Data provided.
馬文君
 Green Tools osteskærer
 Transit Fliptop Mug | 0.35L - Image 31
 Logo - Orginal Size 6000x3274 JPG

* * *

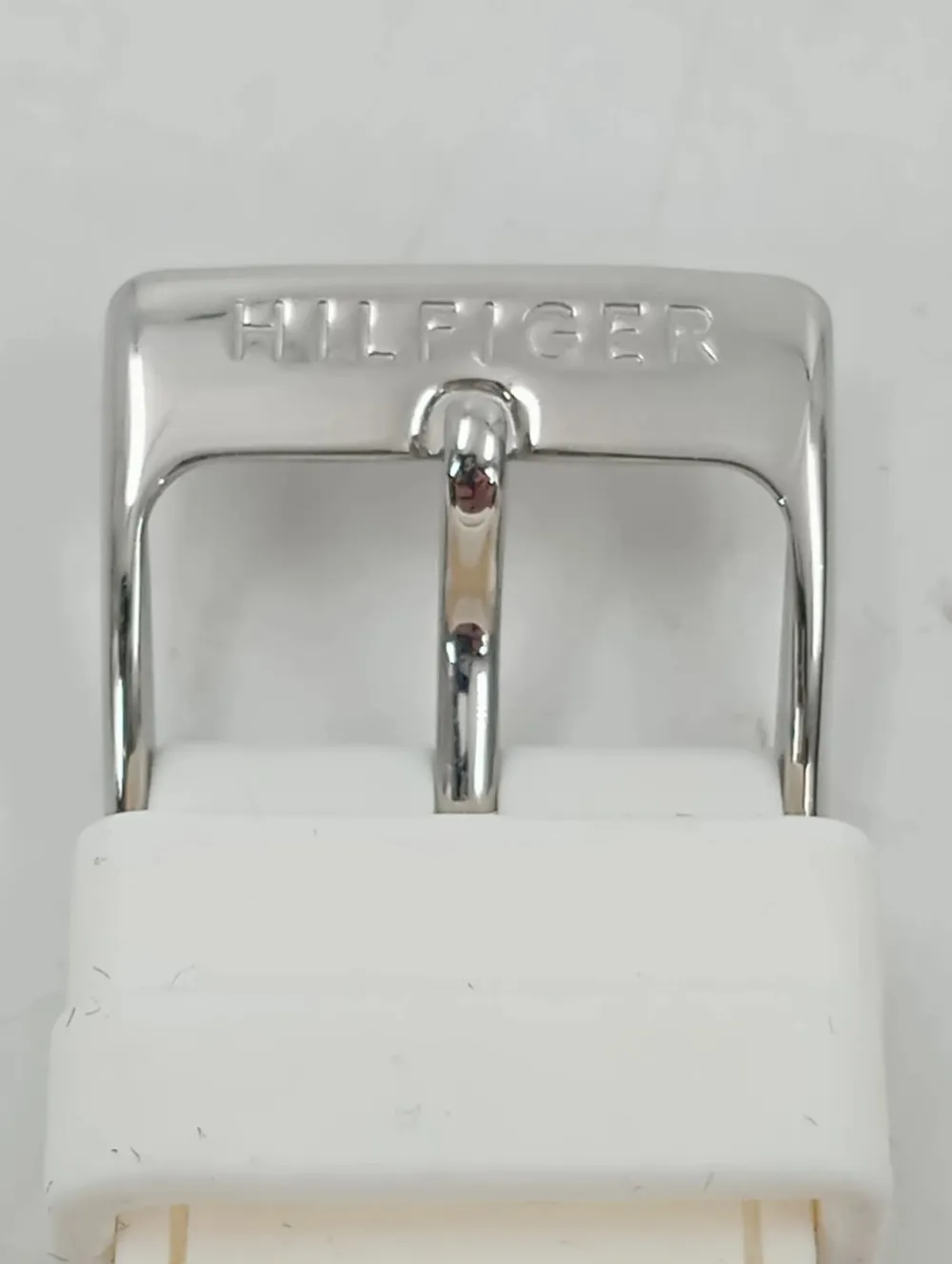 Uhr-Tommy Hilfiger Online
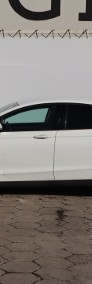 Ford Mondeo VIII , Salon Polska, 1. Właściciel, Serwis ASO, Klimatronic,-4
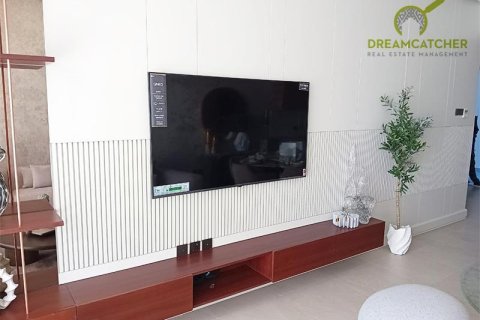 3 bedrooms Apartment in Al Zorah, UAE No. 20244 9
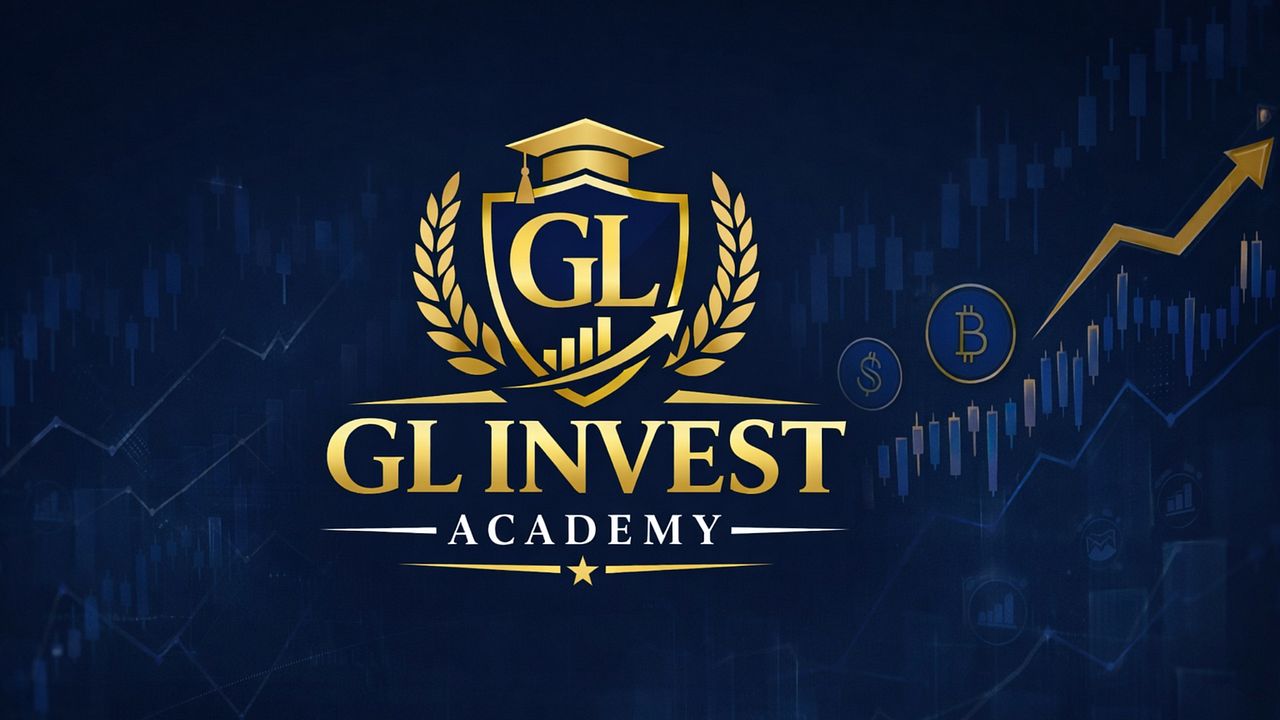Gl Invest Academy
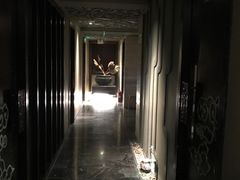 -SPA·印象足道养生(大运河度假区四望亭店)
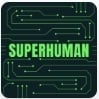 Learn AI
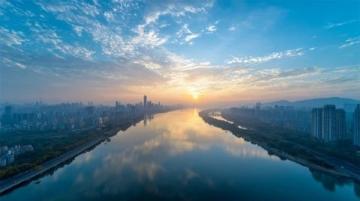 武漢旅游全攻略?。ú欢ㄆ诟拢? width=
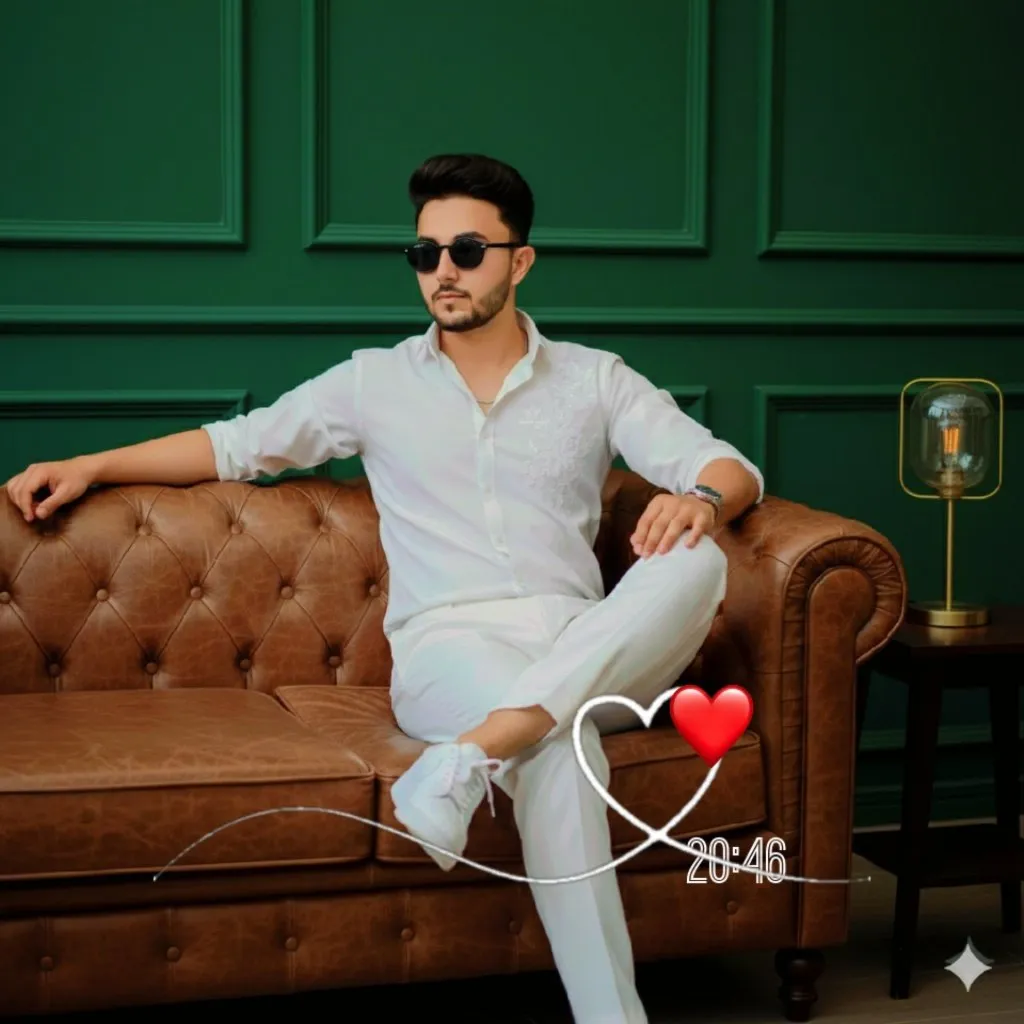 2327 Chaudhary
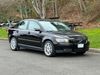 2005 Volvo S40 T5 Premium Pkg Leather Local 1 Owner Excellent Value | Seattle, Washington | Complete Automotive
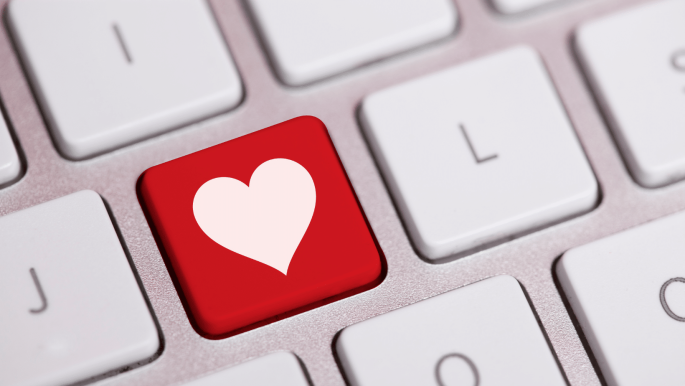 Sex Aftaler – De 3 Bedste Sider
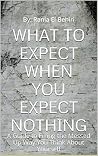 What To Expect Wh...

---

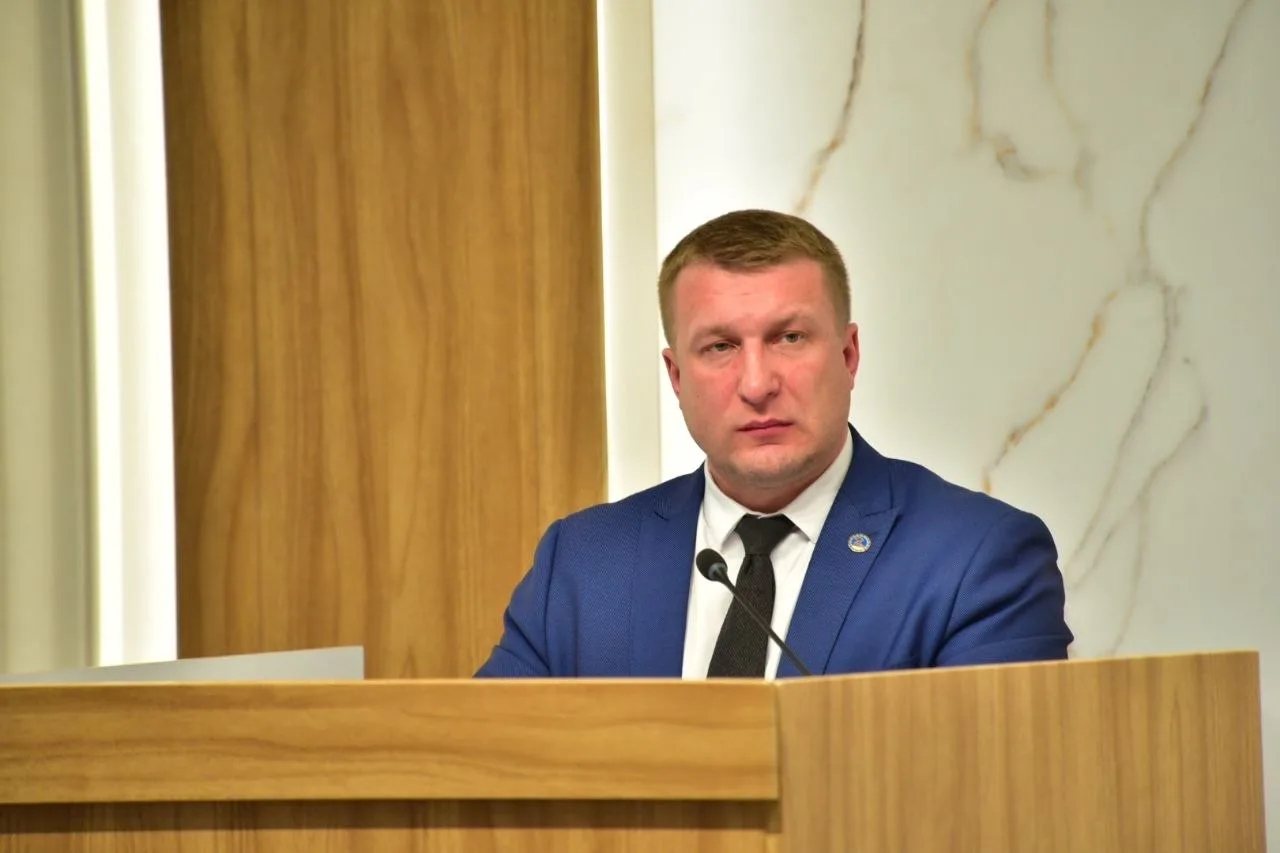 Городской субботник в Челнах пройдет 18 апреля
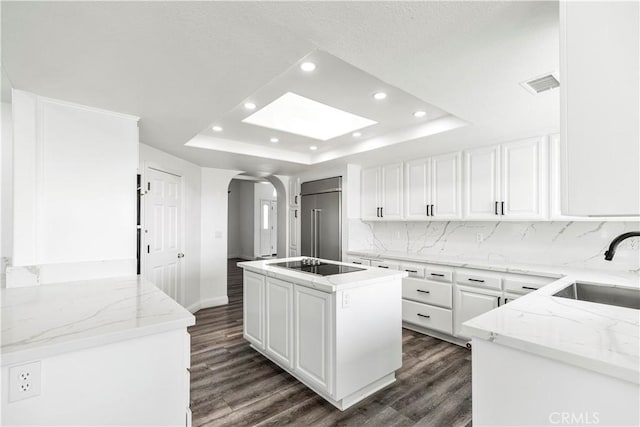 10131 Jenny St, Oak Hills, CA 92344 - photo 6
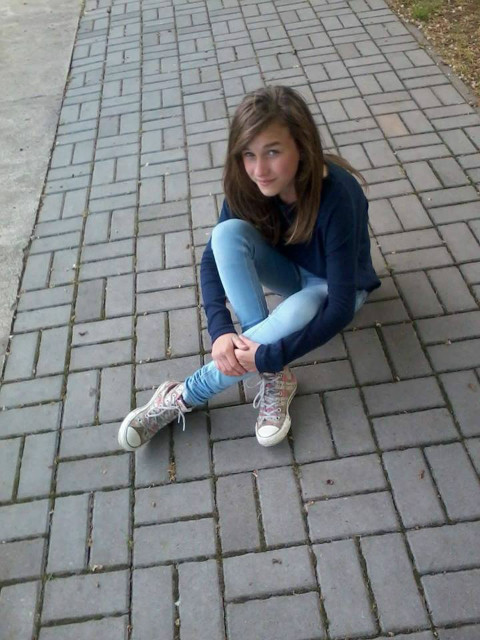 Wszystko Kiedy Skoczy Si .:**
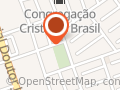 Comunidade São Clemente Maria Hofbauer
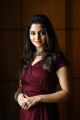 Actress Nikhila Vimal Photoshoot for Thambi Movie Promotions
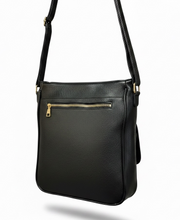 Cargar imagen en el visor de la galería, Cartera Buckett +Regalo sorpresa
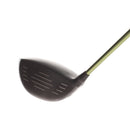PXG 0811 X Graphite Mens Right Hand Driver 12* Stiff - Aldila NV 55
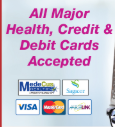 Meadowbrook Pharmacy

Aim of the exercise.
Above are some records; quote exactly and only the lines that begin at the line containing "Ford Mondeo VIII" and stop after the line containing "What To Expect Wh...", leaving out the pictures.

Reply to the exercise.
 Ford Mondeo VIII , Salon Polska, 1. Właściciel, Serwis ASO, Klimatronic,-4
 3 bedrooms Apartment in Al Zorah, UAE No. 20244 9
Gl Invest Academy
 -SPA·印象足道养生(大运河度假区四望亭店)
 Learn AI
 武漢旅游全攻略?。ú欢ㄆ诟拢? width=
 2327 Chaudhary
 2005 Volvo S40 T5 Premium Pkg Leather Local 1 Owner Excellent Value | Seattle, Washington | Complete Automotive
 Sex Aftaler – De 3 Bedste Sider
 What To Expect Wh...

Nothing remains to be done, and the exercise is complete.